Abstract
Purpose:
Deamidation of proteins upon aging appears to be a universal phenomenon. The effect of deamidation on aging and cataract formation has been extensively studied for some members of the lens crystallin family. Here we examine in vitro, how the deamidation of specific Asn (N76 and 143) and Gln (Q92 and 120) residues of human gammaS-crystallin known to be associated with aging and cataract formation, affect the structure and solution properties of the protein.
Methods:
Human gammaS-crystallin and two mutants were expressed in E.Coli: Mutant 2N corresponds to the replacement of Asn 76 and 143 to Asp, and mutant 2N2Q contains two additional mutations, Gln 92 and 120 to Glu. Thus, 2N2Q represents an extensively deamidated product. Isoelectric Focusing and SDS-PAGE were used to characterize the mutants. Spectroscopic measurements (Circular Dichroism and Tryptophan Fluorescence emission) were carried out to determine the secondary and tertiary structures of the mutants, and Guanidinium Hydrochloride-mediated unfolding was used to determine their relative stabilities.

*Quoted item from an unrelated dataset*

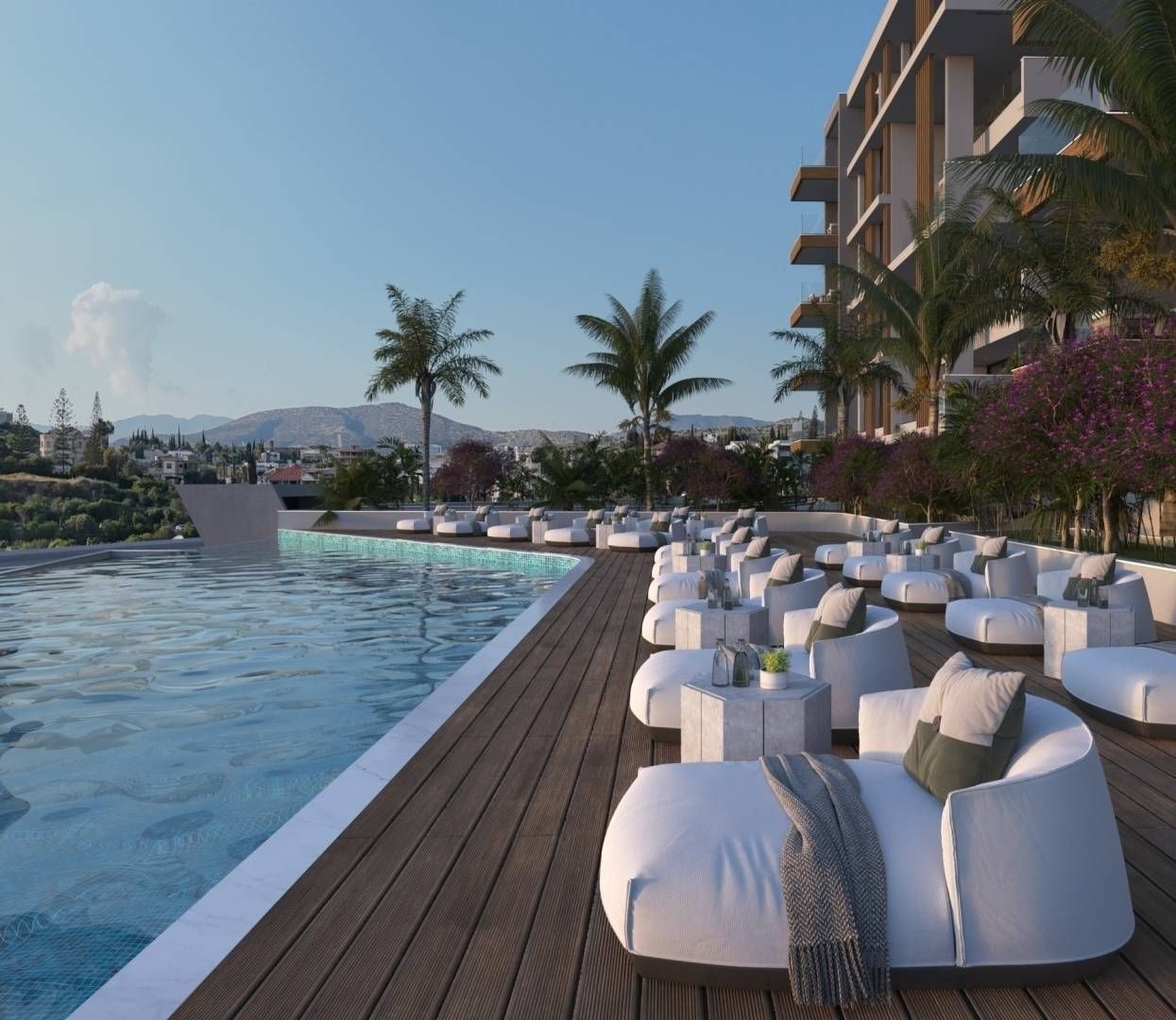 Appartamento a Limassol, Cipro, 293 m² - foto 4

Light scattering measurements were carried out to determine the strength and nature of the protein-protein interactions in the deamidated crystallins relative to the wild-type.
Results:
Both deamidated mutants show normal solubility. The pI values of the 2N and 2N2Q mutants were lowered by about 0.5 and 0.8 pH units respectively relative to that of wild-type gammaS-crystallin. All three proteins showed a predominantly single band on the IEF gel only in the presence of DTT. The structures and stabilities of both deamidated derivatives are comparable to that of the wild-type protein. Light-scattering measurements indicate that the repulsive protein-protein interactions observed in the wild-type are compromised in the mutants. This may lead to a propensity for aggregation upon deamidation.
Conclusions:
Extensive deamidation does not significantly affect the secondary and tertiary structure of human gammaS-crystallin, but may alter protein-protein interactions. PEG-induced phase transition studies are currently being conducted to substantiate these findings.